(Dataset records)

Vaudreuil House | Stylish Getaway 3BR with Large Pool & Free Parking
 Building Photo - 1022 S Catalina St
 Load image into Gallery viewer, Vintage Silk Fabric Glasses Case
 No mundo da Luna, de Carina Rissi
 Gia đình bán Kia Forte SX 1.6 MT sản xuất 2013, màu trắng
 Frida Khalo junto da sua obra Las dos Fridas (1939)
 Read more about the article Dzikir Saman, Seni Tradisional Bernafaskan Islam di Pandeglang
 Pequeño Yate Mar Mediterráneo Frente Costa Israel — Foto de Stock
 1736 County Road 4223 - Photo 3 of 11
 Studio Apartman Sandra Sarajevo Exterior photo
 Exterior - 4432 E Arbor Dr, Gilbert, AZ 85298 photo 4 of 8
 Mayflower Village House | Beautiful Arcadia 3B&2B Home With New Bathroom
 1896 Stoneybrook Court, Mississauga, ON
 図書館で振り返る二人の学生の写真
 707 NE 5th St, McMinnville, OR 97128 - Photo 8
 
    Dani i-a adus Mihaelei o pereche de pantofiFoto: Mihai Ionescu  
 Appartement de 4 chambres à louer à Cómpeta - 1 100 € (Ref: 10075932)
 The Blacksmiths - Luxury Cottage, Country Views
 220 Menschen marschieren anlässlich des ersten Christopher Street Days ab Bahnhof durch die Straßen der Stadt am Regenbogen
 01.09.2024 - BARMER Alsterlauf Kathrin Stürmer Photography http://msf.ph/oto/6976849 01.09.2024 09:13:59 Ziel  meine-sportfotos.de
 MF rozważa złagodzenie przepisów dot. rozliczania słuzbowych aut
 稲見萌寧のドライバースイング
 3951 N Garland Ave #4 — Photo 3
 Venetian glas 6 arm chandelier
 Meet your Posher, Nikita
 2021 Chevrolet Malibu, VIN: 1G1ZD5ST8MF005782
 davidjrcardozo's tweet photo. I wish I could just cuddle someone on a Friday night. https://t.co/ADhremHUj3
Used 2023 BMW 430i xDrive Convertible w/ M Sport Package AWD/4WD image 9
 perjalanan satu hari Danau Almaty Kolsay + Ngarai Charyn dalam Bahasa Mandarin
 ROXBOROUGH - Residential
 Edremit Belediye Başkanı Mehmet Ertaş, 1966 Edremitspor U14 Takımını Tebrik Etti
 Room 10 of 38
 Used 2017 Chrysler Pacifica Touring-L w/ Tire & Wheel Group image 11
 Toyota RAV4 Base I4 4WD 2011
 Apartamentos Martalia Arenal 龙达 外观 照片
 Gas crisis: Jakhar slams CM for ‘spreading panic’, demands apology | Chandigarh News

- Your objective:
Please repeat the data above verbatim, all of it.

- Response:
Vaudreuil House | Stylish Getaway 3BR with Large Pool & Free Parking
 Building Photo - 1022 S Catalina St
 Load image into Gallery viewer, Vintage Silk Fabric Glasses Case
 No mundo da Luna, de Carina Rissi
 Gia đình bán Kia Forte SX 1.6 MT sản xuất 2013, màu trắng
 Frida Khalo junto da sua obra Las dos Fridas (1939)
 Read more about the article Dzikir Saman, Seni Tradisional Bernafaskan Islam di Pandeglang
 Pequeño Yate Mar Mediterráneo Frente Costa Israel — Foto de Stock
 1736 County Road 4223 - Photo 3 of 11
 Studio Apartman Sandra Sarajevo Exterior photo
 Exterior - 4432 E Arbor Dr, Gilbert, AZ 85298 photo 4 of 8
 Mayflower Village House | Beautiful Arcadia 3B&2B Home With New Bathroom
 1896 Stoneybrook Court, Mississauga, ON
 図書館で振り返る二人の学生の写真
 707 NE 5th St, McMinnville, OR 97128 - Photo 8
 
    Dani i-a adus Mihaelei o pereche de pantofiFoto: Mihai Ionescu  
 Appartement de 4 chambres à louer à Cómpeta - 1 100 € (Ref: 10075932)
 The Blacksmiths - Luxury Cottage, Country Views
 220 Menschen marschieren anlässlich des ersten Christopher Street Days ab Bahnhof durch die Straßen der Stadt am Regenbogen
 01.09.2024 - BARMER Alsterlauf Kathrin Stürmer Photography http://msf.ph/oto/6976849 01.09.2024 09:13:59 Ziel  meine-sportfotos.de
 MF rozważa złagodzenie przepisów dot. rozliczania słuzbowych aut
 稲見萌寧のドライバースイング
 3951 N Garland Ave #4 — Photo 3
 Venetian glas 6 arm chandelier
 Meet your Posher, Nikita
 2021 Chevrolet Malibu, VIN: 1G1ZD5ST8MF005782
 davidjrcardozo's tweet photo. I wish I could just cuddle someone on a Friday night. https://t.co/ADhremHUj3
Used 2023 BMW 430i xDrive Convertible w/ M Sport Package AWD/4WD image 9
 perjalanan satu hari Danau Almaty Kolsay + Ngarai Charyn dalam Bahasa Mandarin
 ROXBOROUGH - Residential
 Edremit Belediye Başkanı Mehmet Ertaş, 1966 Edremitspor U14 Takımını Tebrik Etti
 Room 10 of 38
 Used 2017 Chrysler Pacifica Touring-L w/ Tire & Wheel Group image 11
 Toyota RAV4 Base I4 4WD 2011
 Apartamentos Martalia Arenal 龙达 外观 照片
 Gas crisis: Jakhar slams CM for ‘spreading panic’, demands apology | Chandigarh News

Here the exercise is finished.